In fact, he said, it did not work out quite like that. The Assault tanks, his party, were a quarter or an hour late due to the bad weather on their crossing; they had all been seasick, but in the stress of battle they recovered very quickly. The D.D. tanks which should have been ahead of them were later still, but the bombardment stopped exactly at the right time. It would.

The effect was that the D.D. tanks which should have gone ahead of him in shallow water, grounded, and covered his approach, actually came in behind him. The bombardment from behind him stopped altogether ten minutes before he reached the shore, and for the last ten minutes he was steaming in towards the beach in a still, deathly silence after the shattering noise of the bombardment from the rocket ships and Priests. In that ten minutes the Germans did not fire a shot at him, and he steamed forward to the beach not daring to fire at them for fear of waking up the Sleeping Beauty. They did not open fire till most of his odd tanks had actually disembarked upon the sand.

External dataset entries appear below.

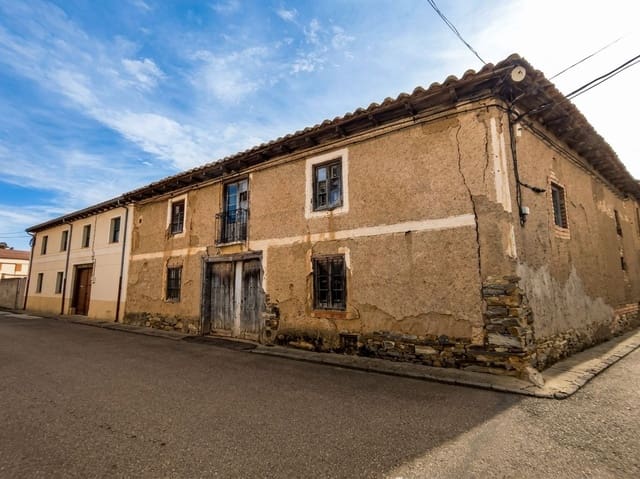 Finca/Herregård til salgs i Valderrey - € 14 900 (Ref: 10173111)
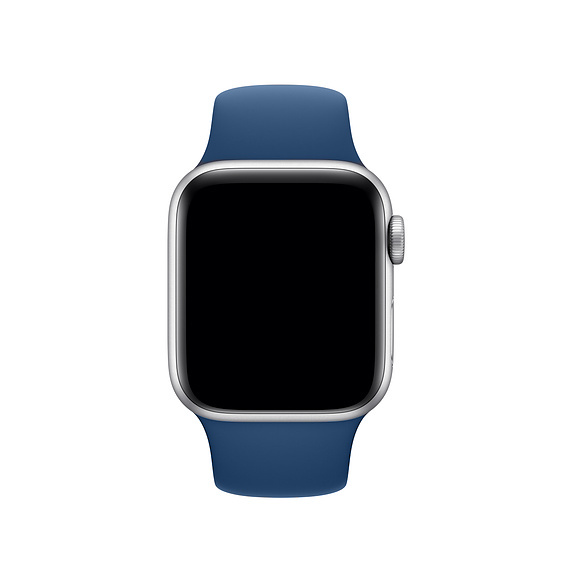 Apple Watch Sportarmband - Blauer Horizont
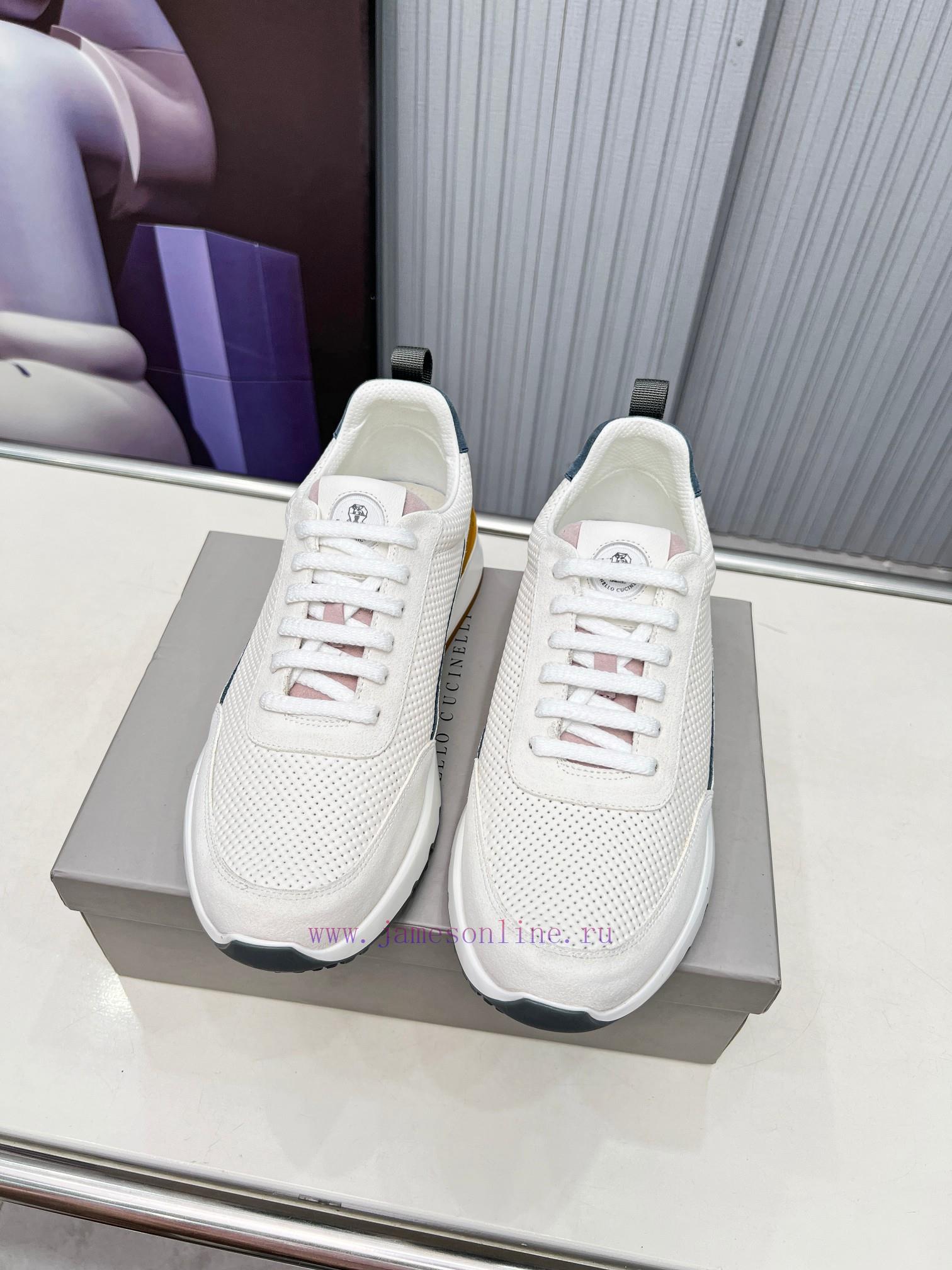 Men's shoes (Brunello cucinelli), the mostCowhide fabric, cowhide lining, cowhide insole, or2y7ne0ga - Image 7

He ascribed their silence to the stunning effect of the bombardment, especially from the rocket ships. A man may be so protected in a concrete pill box or gun shelter that you cannot reach him with the flying shards of any shell or bomb. But that man is still subject to blast; he cannot escape that while he still breathes air, for blast is a shock wave of air. A number of twenty pound charges of high explosive set off outside his pillbox will not kill him, but they will make him so stunned and dizzy that for a long time, a quarter of an hour or more, he cannot control his eyes to read the range scale of his gun, cannot control his fingers to set sights, cannot hear anything, perhaps cannot stop vomiting. A man in that condition cannot fight or fire a gun until he has recovered, and in those precious minutes the LCTs of this assault sailed in and grounded, dropped their ramps, and the strange tanks with all their strange equipment poured on to the beach. Only one tank all that party was destroyed upon the beach. The beach guns were quickly silenced by the tanks which lobbed shells in to the embrasures, and the tanks pressed on through the sandhills inland, the infantry following behind then. The Germans fought well in their concrete positions and slit trenches till they were surrounded; then they surrendered, sustaining very few casualties.